--- EXERCISE DETAILS ---
Copy the data below exactly, omitting any picture it contains.

--- MATERIAL PROVIDED ---
##############################
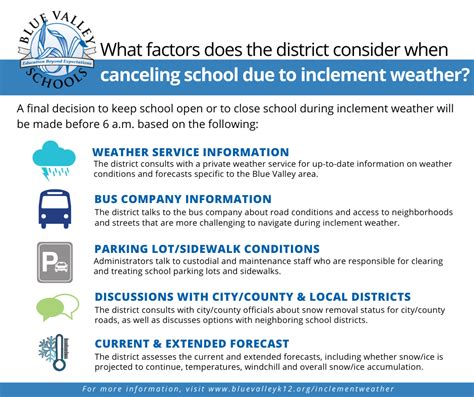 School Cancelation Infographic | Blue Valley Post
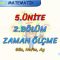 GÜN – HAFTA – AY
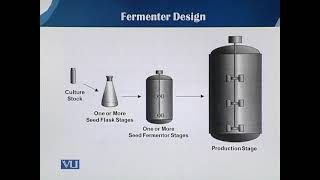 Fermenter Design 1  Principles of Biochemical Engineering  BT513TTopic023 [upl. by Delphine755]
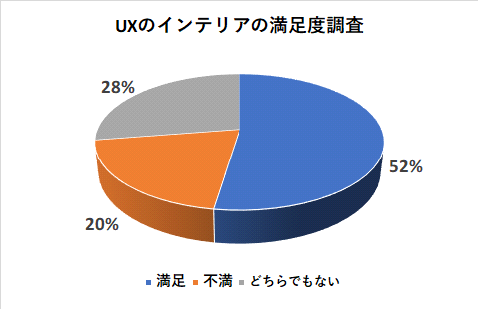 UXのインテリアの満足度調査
##############################
--- FINISHED EXERCISE ---
 School Cancelation Infographic | Blue Valley Post
 GÜN – HAFTA – AY
 Fermenter Design 1  Principles of Biochemical Engineering  BT513TTopic023 [upl. by Delphine755]
 UXのインテリアの満足度調査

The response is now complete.